(RECORDS FOR THIS EXERCISE begins)

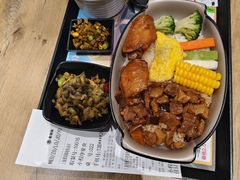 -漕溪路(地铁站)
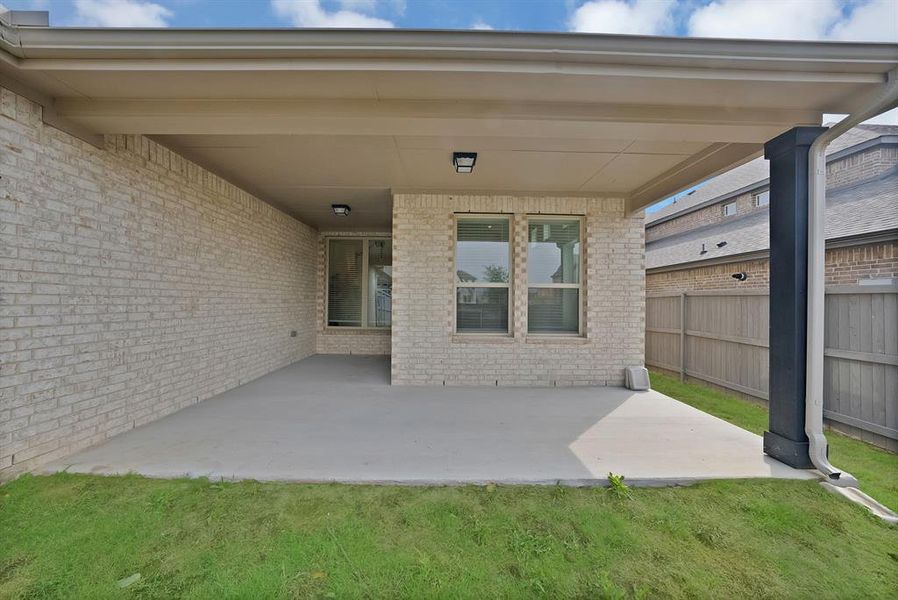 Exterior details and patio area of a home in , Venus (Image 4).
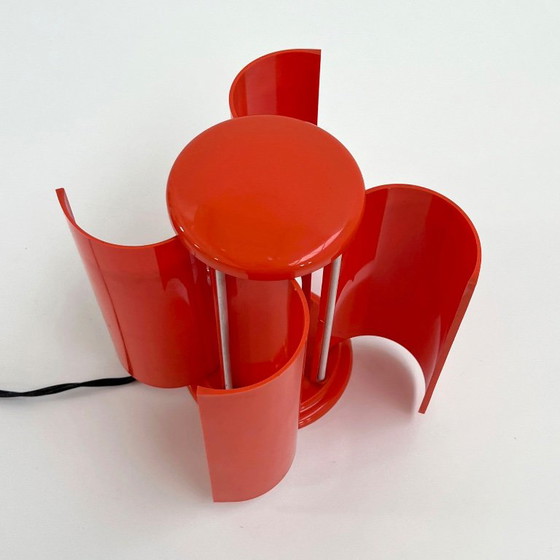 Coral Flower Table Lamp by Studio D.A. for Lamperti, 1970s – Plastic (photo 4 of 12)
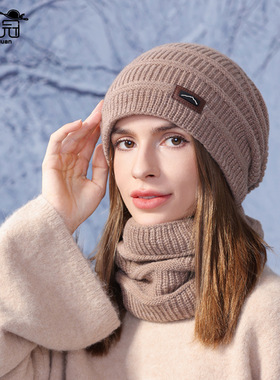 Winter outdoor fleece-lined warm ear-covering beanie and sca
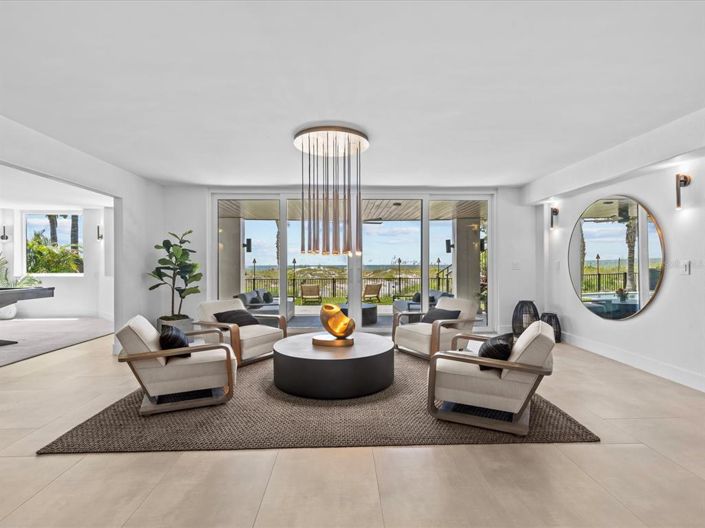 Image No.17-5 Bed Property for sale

(RECORDS FOR THIS EXERCISE ends)

__TASK GOAL__. Could each line of the data be written out exactly, with no pictures included?

__WRITTEN ANSWER__.
 -漕溪路(地铁站)
 Exterior details and patio area of a home in , Venus (Image 4).
 Coral Flower Table Lamp by Studio D.A. for Lamperti, 1970s – Plastic (photo 4 of 12)
 Winter outdoor fleece-lined warm ear-covering beanie and sca
 Image No.17-5 Bed Property for sale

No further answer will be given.